Considering a three-year basis, the numbers are even worse, at 3.1 per cent.
Nevertheless, the provider has the lowest cost structure among all workplace pension providers analysed in the report.
The provider withdrew itself from The Pensions Regulator's master trust assurance list in 2017, and was fined £70,000 by the watchdog in February, with both matters relating to problems with its administration systems.
According to Rob Booth, director of investment and product development at Now: Pensions, the returns quoted are out of date since they are more than six-months-old.
He said: "Since the beginning of 2017 alone, the fund has produced returns in excess of 10 per cent, which would put it at the top of the tables."
The fund, launched in 2012, has delivered a total return of more than 47 per cent up to 20 April 2018, he argued.
He said: "Pension fund performance has to be looked at over the long term and we are confident that the Now: Pensions Diversified Growth fund will provide our members with strong risk adjusted returns.
"We adopt a balanced risk approach to investing which involves a much higher degree of diversification than more mundane equity dominated investment styles."
Nest, the largest master trust in the market with six million members, had an annual return on its 2040 Retirement Date fund of 11.2 per cent.
Over five years against the Consumer Price index (CPI) plus 3 per cent benchmark, the provider has the best risk-adjusted performance, with Royal London close behind, Defaqto reported.
Mark Fawcett, chief investment officer at Nest, said: "These findings are testament to the hard work we have put in for members since the beginning.
"It is great to see that Nest's numbers are still holding up strongly within the industry."

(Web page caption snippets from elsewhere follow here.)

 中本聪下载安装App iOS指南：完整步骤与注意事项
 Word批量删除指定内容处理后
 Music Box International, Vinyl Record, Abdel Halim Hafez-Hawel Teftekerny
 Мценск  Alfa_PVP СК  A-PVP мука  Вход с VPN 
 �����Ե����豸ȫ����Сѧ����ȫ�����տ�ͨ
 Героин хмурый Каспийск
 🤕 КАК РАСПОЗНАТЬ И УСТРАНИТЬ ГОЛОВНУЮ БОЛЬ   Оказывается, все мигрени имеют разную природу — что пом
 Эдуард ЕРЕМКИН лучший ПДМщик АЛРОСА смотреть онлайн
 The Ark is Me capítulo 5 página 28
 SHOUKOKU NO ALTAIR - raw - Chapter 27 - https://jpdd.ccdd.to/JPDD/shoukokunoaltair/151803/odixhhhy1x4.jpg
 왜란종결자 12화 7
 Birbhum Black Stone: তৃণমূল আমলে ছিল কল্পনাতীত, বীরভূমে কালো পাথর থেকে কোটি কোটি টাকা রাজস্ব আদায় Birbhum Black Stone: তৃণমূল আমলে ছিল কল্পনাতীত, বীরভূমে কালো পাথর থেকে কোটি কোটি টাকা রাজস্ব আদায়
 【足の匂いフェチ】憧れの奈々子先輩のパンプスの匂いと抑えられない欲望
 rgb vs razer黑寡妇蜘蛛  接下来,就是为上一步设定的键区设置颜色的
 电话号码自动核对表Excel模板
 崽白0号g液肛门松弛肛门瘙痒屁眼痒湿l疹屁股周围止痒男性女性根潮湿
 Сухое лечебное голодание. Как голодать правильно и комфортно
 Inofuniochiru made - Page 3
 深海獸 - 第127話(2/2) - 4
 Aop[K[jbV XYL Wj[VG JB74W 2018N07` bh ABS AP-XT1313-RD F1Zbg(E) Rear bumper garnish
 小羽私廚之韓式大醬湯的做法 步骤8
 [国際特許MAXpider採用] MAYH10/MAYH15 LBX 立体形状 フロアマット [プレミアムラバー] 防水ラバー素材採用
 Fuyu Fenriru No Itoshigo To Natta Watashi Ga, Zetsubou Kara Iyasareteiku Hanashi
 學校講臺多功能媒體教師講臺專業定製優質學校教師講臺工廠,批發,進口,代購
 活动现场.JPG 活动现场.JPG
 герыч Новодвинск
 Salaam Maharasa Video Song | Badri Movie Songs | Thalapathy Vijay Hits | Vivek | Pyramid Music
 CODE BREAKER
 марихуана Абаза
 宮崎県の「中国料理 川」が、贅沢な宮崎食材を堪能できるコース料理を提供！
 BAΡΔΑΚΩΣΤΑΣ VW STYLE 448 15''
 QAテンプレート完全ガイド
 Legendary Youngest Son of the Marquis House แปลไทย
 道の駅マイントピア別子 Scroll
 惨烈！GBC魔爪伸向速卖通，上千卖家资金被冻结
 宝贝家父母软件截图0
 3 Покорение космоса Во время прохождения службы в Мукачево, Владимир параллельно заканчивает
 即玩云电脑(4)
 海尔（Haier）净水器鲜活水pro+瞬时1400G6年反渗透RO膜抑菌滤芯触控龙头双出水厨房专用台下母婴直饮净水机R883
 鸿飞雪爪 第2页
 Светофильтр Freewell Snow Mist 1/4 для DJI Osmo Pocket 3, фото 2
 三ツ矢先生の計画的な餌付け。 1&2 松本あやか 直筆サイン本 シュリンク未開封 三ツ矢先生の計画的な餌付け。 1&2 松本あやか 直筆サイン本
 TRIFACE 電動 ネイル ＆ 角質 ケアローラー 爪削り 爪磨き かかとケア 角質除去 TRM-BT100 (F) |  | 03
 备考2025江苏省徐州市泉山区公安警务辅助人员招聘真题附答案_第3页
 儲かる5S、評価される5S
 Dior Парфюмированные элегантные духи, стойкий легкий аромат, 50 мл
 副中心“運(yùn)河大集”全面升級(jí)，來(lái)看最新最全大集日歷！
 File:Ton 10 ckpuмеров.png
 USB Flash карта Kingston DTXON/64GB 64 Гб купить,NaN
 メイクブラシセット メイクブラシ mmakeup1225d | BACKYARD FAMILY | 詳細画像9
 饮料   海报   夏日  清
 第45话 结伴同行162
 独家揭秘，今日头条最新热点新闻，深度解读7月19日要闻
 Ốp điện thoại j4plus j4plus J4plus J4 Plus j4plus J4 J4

According to Nathan Long, senior pension analyst at Hargreaves Lansdown, many default funds were set up only after auto-enrolment was already up and running, meaning many of the funds entrusted to help people save for the future do not have particularly long track records.
He said: "The funds that have performed best tend to have a higher exposure to global stock markets, whereas those that have underperformed are actually designed to hold up better in falling stock markets.